This task requires every entry to be set down again exactly.

Caption-style text data
BEGIN

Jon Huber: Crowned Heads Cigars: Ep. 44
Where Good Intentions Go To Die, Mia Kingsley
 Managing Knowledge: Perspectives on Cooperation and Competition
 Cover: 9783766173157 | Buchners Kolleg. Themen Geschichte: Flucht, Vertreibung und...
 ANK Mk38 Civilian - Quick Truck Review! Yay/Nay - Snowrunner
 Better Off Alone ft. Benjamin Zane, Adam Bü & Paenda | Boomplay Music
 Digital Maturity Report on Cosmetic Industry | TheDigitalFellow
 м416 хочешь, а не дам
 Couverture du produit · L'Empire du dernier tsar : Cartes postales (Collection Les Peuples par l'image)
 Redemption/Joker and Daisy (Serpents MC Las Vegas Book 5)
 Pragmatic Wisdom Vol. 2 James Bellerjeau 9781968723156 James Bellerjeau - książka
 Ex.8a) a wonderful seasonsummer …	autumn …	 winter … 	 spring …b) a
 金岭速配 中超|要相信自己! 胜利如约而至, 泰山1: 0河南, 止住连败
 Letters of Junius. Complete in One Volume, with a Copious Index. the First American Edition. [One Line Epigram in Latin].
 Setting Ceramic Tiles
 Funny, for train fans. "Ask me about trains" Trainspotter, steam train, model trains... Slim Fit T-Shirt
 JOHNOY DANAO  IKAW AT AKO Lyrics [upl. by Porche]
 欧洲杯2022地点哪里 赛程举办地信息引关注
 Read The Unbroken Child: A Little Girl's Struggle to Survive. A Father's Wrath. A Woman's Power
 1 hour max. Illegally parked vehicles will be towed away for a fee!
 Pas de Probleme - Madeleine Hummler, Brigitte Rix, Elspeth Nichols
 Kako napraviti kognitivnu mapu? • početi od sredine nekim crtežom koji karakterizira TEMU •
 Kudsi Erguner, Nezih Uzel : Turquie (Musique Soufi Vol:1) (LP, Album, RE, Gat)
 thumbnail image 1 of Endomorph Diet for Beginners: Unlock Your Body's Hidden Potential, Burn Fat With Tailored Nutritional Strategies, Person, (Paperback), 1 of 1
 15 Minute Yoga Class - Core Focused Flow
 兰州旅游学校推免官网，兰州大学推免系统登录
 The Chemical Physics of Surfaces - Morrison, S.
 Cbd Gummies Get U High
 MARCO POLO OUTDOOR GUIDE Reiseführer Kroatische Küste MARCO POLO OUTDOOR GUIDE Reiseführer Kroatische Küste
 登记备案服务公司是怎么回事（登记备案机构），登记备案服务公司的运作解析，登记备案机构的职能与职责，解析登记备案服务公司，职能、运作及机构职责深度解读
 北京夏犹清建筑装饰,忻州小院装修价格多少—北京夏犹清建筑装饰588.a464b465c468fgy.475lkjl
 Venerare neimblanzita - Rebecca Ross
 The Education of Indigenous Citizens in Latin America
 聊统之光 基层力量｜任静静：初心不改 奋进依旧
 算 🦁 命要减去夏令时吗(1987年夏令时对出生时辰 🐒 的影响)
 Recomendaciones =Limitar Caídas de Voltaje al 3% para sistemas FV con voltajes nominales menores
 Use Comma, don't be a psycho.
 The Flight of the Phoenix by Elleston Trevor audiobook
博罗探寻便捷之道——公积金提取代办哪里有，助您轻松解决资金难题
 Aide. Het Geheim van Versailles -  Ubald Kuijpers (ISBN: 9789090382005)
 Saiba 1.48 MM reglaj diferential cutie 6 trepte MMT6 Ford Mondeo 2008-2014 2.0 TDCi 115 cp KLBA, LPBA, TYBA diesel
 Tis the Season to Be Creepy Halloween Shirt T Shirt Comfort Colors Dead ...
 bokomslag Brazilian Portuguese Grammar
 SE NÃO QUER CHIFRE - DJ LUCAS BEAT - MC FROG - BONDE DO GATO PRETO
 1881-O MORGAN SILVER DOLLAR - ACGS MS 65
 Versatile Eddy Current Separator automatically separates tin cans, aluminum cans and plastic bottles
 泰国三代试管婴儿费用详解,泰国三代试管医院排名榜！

END

Your response
Jon Huber: Crowned Heads Cigars: Ep. 44
Where Good Intentions Go To Die, Mia Kingsley
 Managing Knowledge: Perspectives on Cooperation and Competition
 Cover: 9783766173157 | Buchners Kolleg. Themen Geschichte: Flucht, Vertreibung und...
 ANK Mk38 Civilian - Quick Truck Review! Yay/Nay - Snowrunner
 Better Off Alone ft. Benjamin Zane, Adam Bü & Paenda | Boomplay Music
 Digital Maturity Report on Cosmetic Industry | TheDigitalFellow
 м416 хочешь, а не дам
 Couverture du produit · L'Empire du dernier tsar : Cartes postales (Collection Les Peuples par l'image)
 Redemption/Joker and Daisy (Serpents MC Las Vegas Book 5)
 Pragmatic Wisdom Vol. 2 James Bellerjeau 9781968723156 James Bellerjeau - książka
 Ex.8a) a wonderful seasonsummer …	autumn …	 winter … 	 spring …b) a
 金岭速配 中超|要相信自己! 胜利如约而至, 泰山1: 0河南, 止住连败
 Letters of Junius. Complete in One Volume, with a Copious Index. the First American Edition. [One Line Epigram in Latin].
 Setting Ceramic Tiles
 Funny, for train fans. "Ask me about trains" Trainspotter, steam train, model trains... Slim Fit T-Shirt
 JOHNOY DANAO  IKAW AT AKO Lyrics [upl. by Porche]
 欧洲杯2022地点哪里 赛程举办地信息引关注
 Read The Unbroken Child: A Little Girl's Struggle to Survive. A Father's Wrath. A Woman's Power
 1 hour max. Illegally parked vehicles will be towed away for a fee!
 Pas de Probleme - Madeleine Hummler, Brigitte Rix, Elspeth Nichols
 Kako napraviti kognitivnu mapu? • početi od sredine nekim crtežom koji karakterizira TEMU •
 Kudsi Erguner, Nezih Uzel : Turquie (Musique Soufi Vol:1) (LP, Album, RE, Gat)
 thumbnail image 1 of Endomorph Diet for Beginners: Unlock Your Body's Hidden Potential, Burn Fat With Tailored Nutritional Strategies, Person, (Paperback), 1 of 1
 15 Minute Yoga Class - Core Focused Flow
 兰州旅游学校推免官网，兰州大学推免系统登录
 The Chemical Physics of Surfaces - Morrison, S.
 Cbd Gummies Get U High
 MARCO POLO OUTDOOR GUIDE Reiseführer Kroatische Küste MARCO POLO OUTDOOR GUIDE Reiseführer Kroatische Küste
 登记备案服务公司是怎么回事（登记备案机构），登记备案服务公司的运作解析，登记备案机构的职能与职责，解析登记备案服务公司，职能、运作及机构职责深度解读
 北京夏犹清建筑装饰,忻州小院装修价格多少—北京夏犹清建筑装饰588.a464b465c468fgy.475lkjl
 Venerare neimblanzita - Rebecca Ross
 The Education of Indigenous Citizens in Latin America
 聊统之光 基层力量｜任静静：初心不改 奋进依旧
 算 🦁 命要减去夏令时吗(1987年夏令时对出生时辰 🐒 的影响)
 Recomendaciones =Limitar Caídas de Voltaje al 3% para sistemas FV con voltajes nominales menores
 Use Comma, don't be a psycho.
 The Flight of the Phoenix by Elleston Trevor audiobook
博罗探寻便捷之道——公积金提取代办哪里有，助您轻松解决资金难题
 Aide. Het Geheim van Versailles -  Ubald Kuijpers (ISBN: 9789090382005)
 Saiba 1.48 MM reglaj diferential cutie 6 trepte MMT6 Ford Mondeo 2008-2014 2.0 TDCi 115 cp KLBA, LPBA, TYBA diesel
 Tis the Season to Be Creepy Halloween Shirt T Shirt Comfort Colors Dead ...
 bokomslag Brazilian Portuguese Grammar
 SE NÃO QUER CHIFRE - DJ LUCAS BEAT - MC FROG - BONDE DO GATO PRETO
 1881-O MORGAN SILVER DOLLAR - ACGS MS 65
 Versatile Eddy Current Separator automatically separates tin cans, aluminum cans and plastic bottles
 泰国三代试管婴儿费用详解,泰国三代试管医院排名榜！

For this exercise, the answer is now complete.